2013年1月 房総陣屋オフ

旅行期間:2013年1月26日(土)

主な滞在地
1月26日(土):貝淵陣屋・真武根陣屋・真里谷城・大多喜城・万喜城・小杉御殿
房総陣屋オフ行程地図


この日は神奈川のお城仲間を連れ立って千葉の陣屋&城郭を攻めるオフ会。
我が家から横浜→川崎の各所を回ってメンバーを拾い、そこからアクアラインを通って房総半島へ向かいます。
朝の9時半、海ほたるPAで一休み…
海ほたるから眺む
海ほたるから眺む

冬晴れの日、ちょっと風があって
海は細かく波立っておりましたが
見晴らしは抜群!沖を往く貨物船に
風の塔、そして対岸の川崎工業地帯と
全部がスッキリと見通せました。

アクアラインで千葉に上陸すれば、そこは木更津。

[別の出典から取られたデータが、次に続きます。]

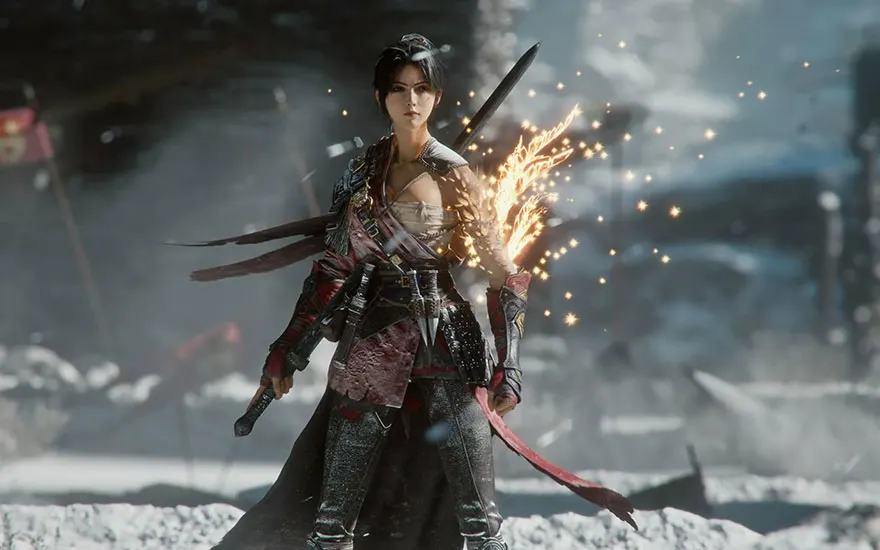 Une guerrière en tenue sombre tient une épée entourée d'étincelles magiques dorées dans un environnement post-apocalyptique urbain.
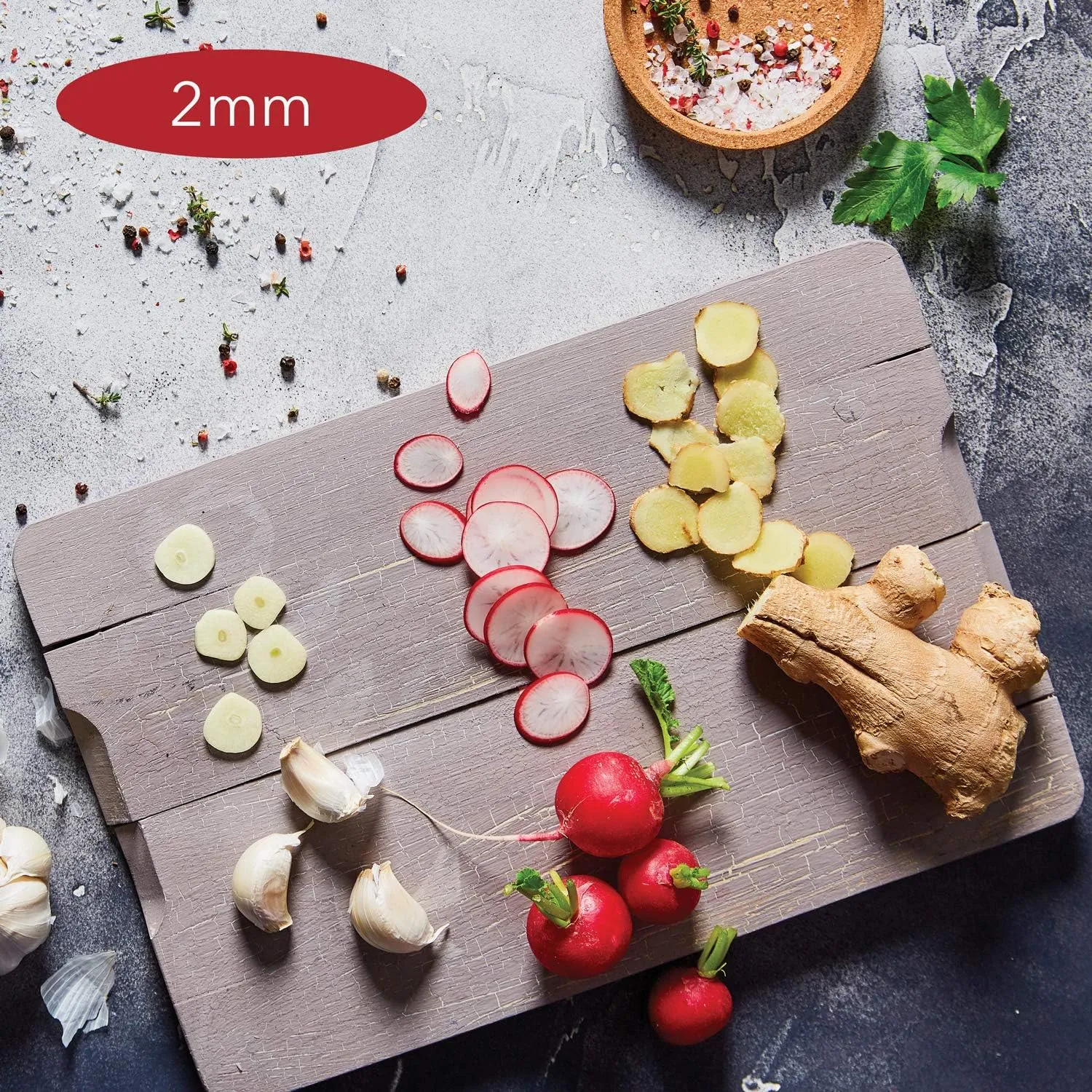 Multi Slicer Set (Slicer   Safety Guard) • Vegetable Slicer for Fruits & Vegetables • 2 Thickness Settings • Compact Mini Kitchen Slicer • Color: Green with Gray Handle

木更津には江戸時代後期の陣屋がいくつか。
まずはそれを目当てに行動します。と言う訳で、最初の目的地は貝淵陣屋です。
徳川将軍家と縁が深い林家の陣屋ですが、今となっては何も遺構らしきものは無く…。
まぁ、それは覚悟の上で訪れたんですが(苦笑)最初の1箇所目は肩慣らしと言う事でw
木更津市史跡 木更津県跡
木更津市史跡 木更津県跡

この貝淵陣屋、明治維新では「木更津県」の県庁とされ
それが印旛県と合併し、現在の千葉県になりました。
つまり房総半島の南半分をここで管轄していたんですが
そうした歴史も全部、この1枚の石碑に集約されています。

続いて訪れたのは真武根(まぶね)陣屋跡。林家が幕末の一番激動な時代に本拠とした陣屋です。
もともと貝淵陣屋を使っていたのですが、台地の上にあたる崖上に新たな陣屋を構えたものでして
徳川家に殉じた林家は、他の大名が次々と新政府へ寝返っていく中、藩主自身が脱藩して(!)戊辰戦争に参戦し
最後まで江戸幕府に忠義を尽くした稀有な存在でした。明治維新で改易(取り潰し)された大名は、何とこの林家のみ。
徳川家や会津の松平家ですら「減封」だけ(家は存続している)だったのに、林家だけ家が無くなったのです…。
(詳しくは真武根陣屋の項をお読み下さい)
その忠誠心はもっと語り継がれて良いと思うのですが、歴史ファンにすらあまり知られていないのが残念! (><)


木更津市史跡 真武根陣屋跡

木更津市史跡 真武根陣屋跡 請西藩戊辰殉難者慰霊碑

風の噂に聞くところ、ここは宅地開発のせめぎ合いに揺れている最前線なのだとか。
もしかすると数年後には家が建ち並んでしまうのかも?という場所なんですが、現状ではこのように
野原のまま(要するに手が付けられない)、その中にポツンと祠が。そしてその奥には「請西藩戊辰殉難者慰霊碑」も。
幕府は滅ぶ、と分かっていながら徳川家への忠義に命を懸けた藩主と藩士らの壮絶な覚悟が、ささやかに
顕彰されております。そしてこの場所から遠望すれば―――!!!!!
東京湾の対岸に!
あれに見えるは横浜ランドマークタワー!
そう、ここからは横浜港が確実に視認できるのです!!!
つまり、日本を揺さぶる如く押し寄せる異国船を日々ここから監視していたと言う事!
即ち、ここは間違いなく幕末動乱の最前線だった訳です!!!

もうね、これを見た瞬間に感動しましたよ!
なるほど、ここに陣屋を築き直したのはそういう理由があっての事かと。
真武根陣屋が築かれたのはペリー来航に先立つ事3年前の話なんですけど
林さんは江戸湾に異国船が来る事を見越して、監視や海防に適した場所を選んで
新しい陣屋を作ったのだと、ここに立てば実感できる…そんな素晴らしい史跡なのです。
全国に“良い城跡”と呼ばれる城は色々ありますが、当時の「緊張感」を体感できる真武根陣屋も
それに含めて良い“名陣屋”の1つだと言えるでしょう。ホント、この陣屋の来歴と実像は
もっともっと語り継がれて良いと思うのですが、お城ファンにすらあまり知られていないのが残念!!! (><)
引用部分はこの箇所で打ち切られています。